BeautyOne of the first people I had the pleasure of meeting and befriending in Palestine is a sculptor. As a person he is, as are many Palestinians, politically engaged and actively resisting the occupation; his art is a form of expression within that. I failed to comprehend the extent of it until I stood in his workshop trying very hard not to touch anything lest I break it as those close to me know I have a tendency to do. This innovative individual will attempt to work with any material, including shrapnel fragments, pieces of exploded landmines, bullet cases and remnants of local resistance techniques. My heart froze the day he announced he had been collecting exploded bombs in an area yet to be deemed as safe, yet he casually dismissed my (very British) concerns for his safety by cheerfully pointing out that the last thing Israel expected their landmines to be used for was a giant sculpture. He has a point. Let’s face it, there is a wonderful sense of mockery towards the Israeli Defence League that they are wandering around enforcing the rigmaroles of the occupation in their bullet proof vests and helmets with ludicrously large guns whilst my friend wanders around landmine sites collecting debris without a single scratch. My favorite part about the situation is that my friend has the talent and unbelievable skill to turn such ugly and oppressive materials into works of wonder.
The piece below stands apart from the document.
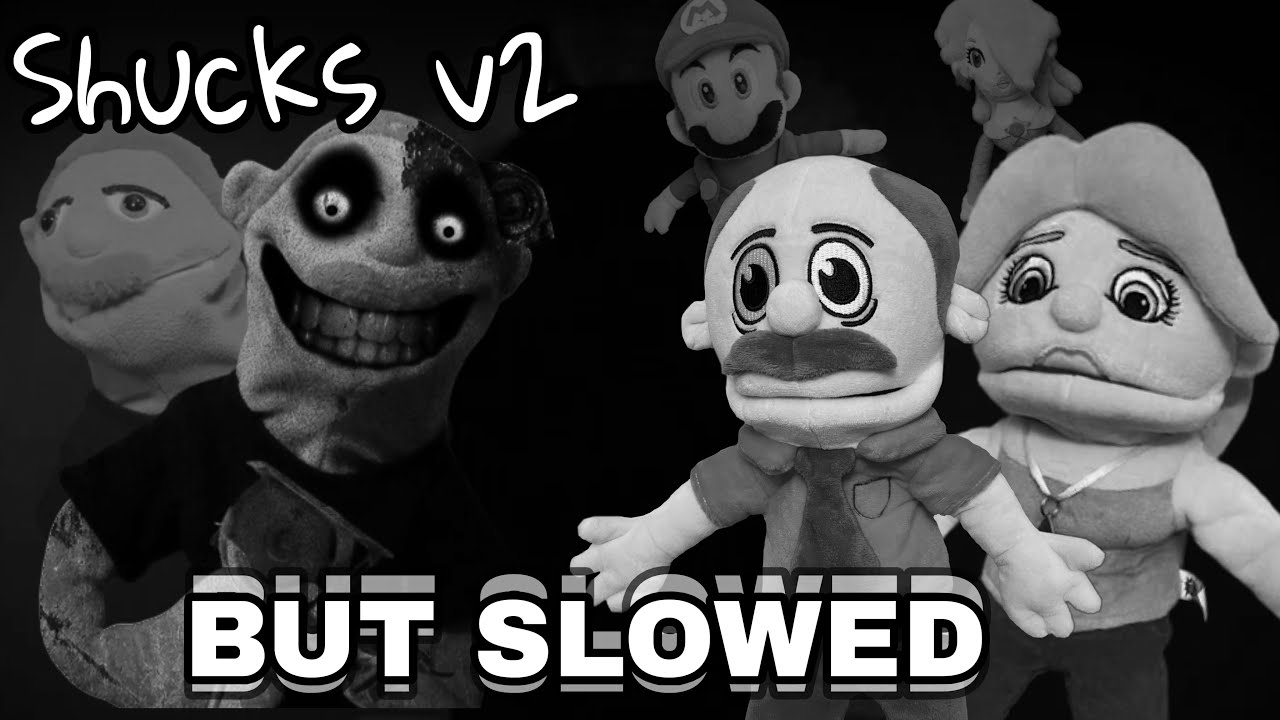 FNF: Jeffy’s endless Aethos- Shucks v2 (BUT SLOWED)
It is possible some of you in the UK may have seen some of the new garden and small holder growing techniques with empty gas canisters being used as pots to hold small plants and seedlings across the West Bank? It is the same principle. Israel thinks they have the power whilst Palestinians on the ground quietly laugh and use the material for far more helpful things.

Time and time again Palestinians demonstrate their resilience, tinged with a dark humor, in the way they respond to the occupation. The above example is simply one of many. There is a community of artists here in Palestine and they are slowly gaining international recognition for their work. As they should, their work makes some of the pieces in the Tate Modern look like sandpit play in comparison. They have an edge which cannot be replicated by anyone else and which transpires in art; they have passion mixed with anger, courage mixed with frustration and an overwhelming essence of the value of life. You can only begin to imagine the beauty that hands guided by those feelings can create. More to the point the dark humour behind the whole exercise can not fail to make those who are pro-Palestinian chuckle. Who would have thought the IDF were cheerfully providing a constant stream of new materials with which to work with, essentially footing the bill for the rest of world to have beautiful artwork? I’m fairly confident that that hasn’t been factored into their annual defence budget.

Everyone feels different emotions when they gaze upon a piece of work for the first time. My friend recently showed me a piece he is in the process of finishing and for my part here are a few of the emotions that went through me: awe, respect, pain, recognition, wonder and anger. Awe for the beauty that he was showing me and the talent in his hands, respect for the feelings that run through him whilst he moulds these shapes, pain for the struggle, recognition for the power and passion he holds within him, wonder at the ability of one person to make something so beautiful and anger against Israel for inflicting the occupation to begin with. I am going to coin a new saying for artwork within Palestine: ‘Emotions guide the hands which empower us’.